Un agent infiltré a permis de démanteler AFO, cette cellule d’ultradroite qui planifiait l’empoisonnement des rayons d’alimentation halal des supermarchés. Treize infiltrations ont été réalisées par l’antiterrorisme depuis 2018. Dernier volet de notre série.

Dans le civil, Achille est téléopérateur pour une compagnie de taxis. Mais depuis près d’un an, ce quinquagénaire est aussi un membre de l’Action des forces opérationnelles (AFO pour les intimes), un groupuscule d’ultradroite qui entend mener des attaques contre la communauté musulmane en représailles des attentats djihadistes.

Bercé par les théories survivalistes, Achille est persuadé que la guerre civile est imminente et il se prépare en conséquence. Chez lui, il possède cinq armes de poing, plus de 1 000 munitions de calibres divers, un couteau papillon, trois gazeuses, des talkies-walkies, une arbalète et ses carreaux.

Et ce soir, comme il l’a expliqué à Jacques, ils doivent « tester le matériel ». Des grenades remplies de TATP, l’explosif utilisé par les terroristes le 13-Novembre. Seulement Tommy, l’artificier du groupe, n’est pas là.

Alors Achille s’agite, Achille s’emporte. Les cheveux coupés court, la calvitie naissante, les yeux creusés, les veines apparentes, Achille est un grand nerveux. Il stresse. Il a échangé par mail avec le commandant de la région Île-de-France de l’AFO, qui a bien insisté : l’essai doit avoir lieu absolument ce soir.

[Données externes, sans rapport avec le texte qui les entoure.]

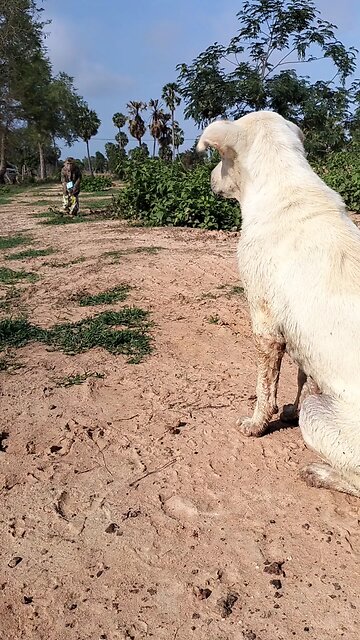 Best SokYaa, OG, Pao & Mom Are Videomous Around The World #shorts #anime #trend #edit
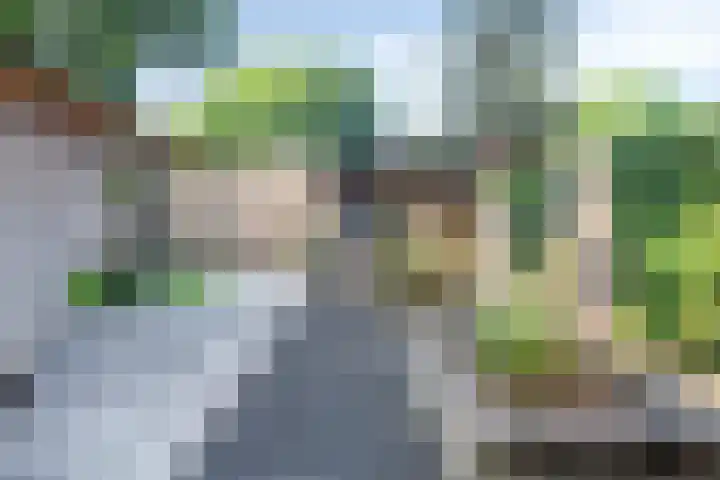 Merelhof 16 Wanssum thumbnail 42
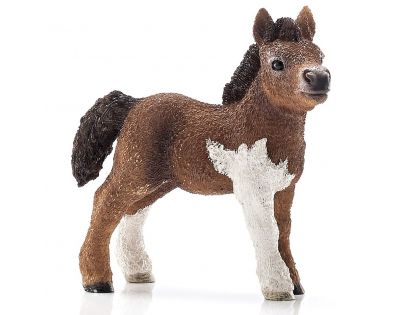 Schleich mláďa shetlandského poníka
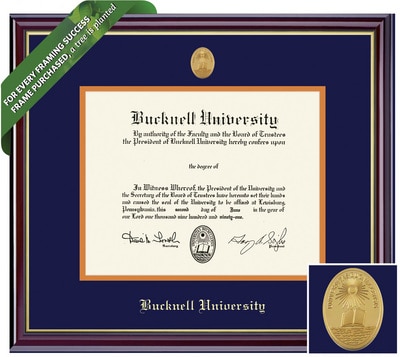 Framing Success 8 x 10 Windsor Gold Medallion Bachelors, Masters Diploma Frame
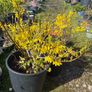 Forsythia shrubs Image 2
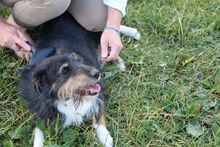 CHESTER, Hund, Mischlingshund in Slowakische Republik - Bild 4
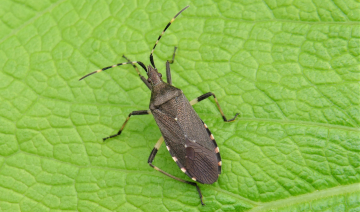Die Wanze Dicranocephalus agilis steht auf der Vorwarnliste. Foto: Dr. Günter Matzke-Hajek
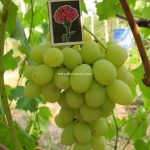 Виноград «Лора»: перспективный и надежный сорт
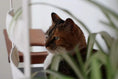 Bild in Galerie-Betrachter laden, Deluxe Cat Cubby Bed by Catastrophic Creations, a cat condo with a calico cat nearby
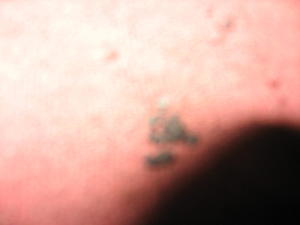 engine building-img_1260.jpg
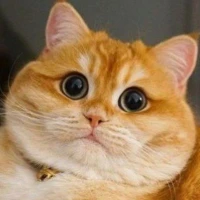 Аватар пользователя Установщик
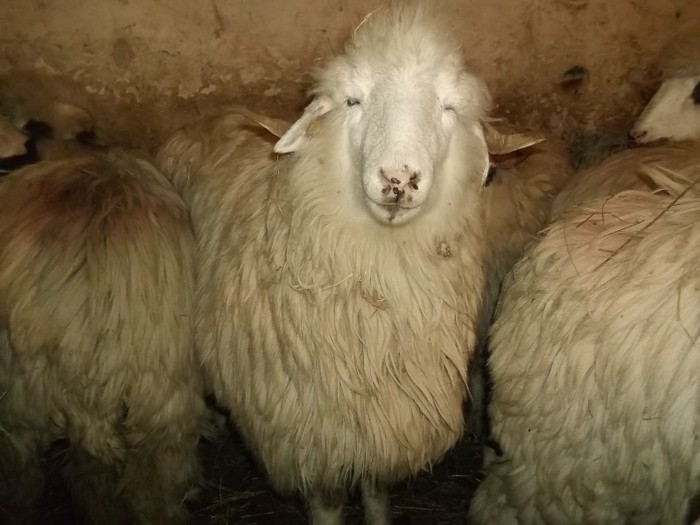 Picture 1791 - Bale de Bistrita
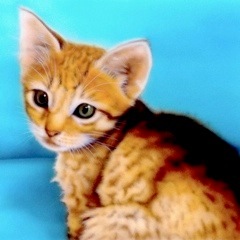 �q�L�̊G�F�u�ɂႠ�ɁH�v�i�I�V�L���b�g -Ocicat-�j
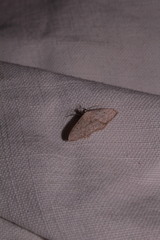 Idaea seriata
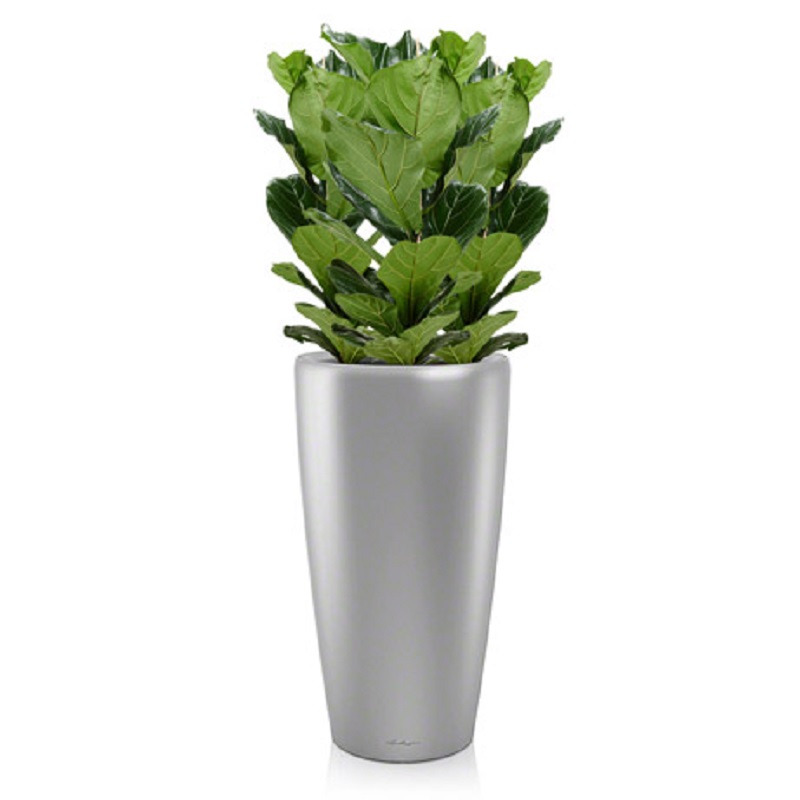 ����� ������ + RONDO 40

Achille raconte à Jacques que la grenade devra être jetée contre un arbre pour évaluer les dégâts occasionnés. Au prochain attentat islamiste, il est prévu de remonter en scooter des files de voitures et de lancer des grenades à l’intérieur de celles conduites par des Maghrébins. Par exemple en Seine-Saint-Denis. Jacques a promis de fournir le scooter et de quoi confectionner les explosifs. Tommy se chargeant de préparer le TATP.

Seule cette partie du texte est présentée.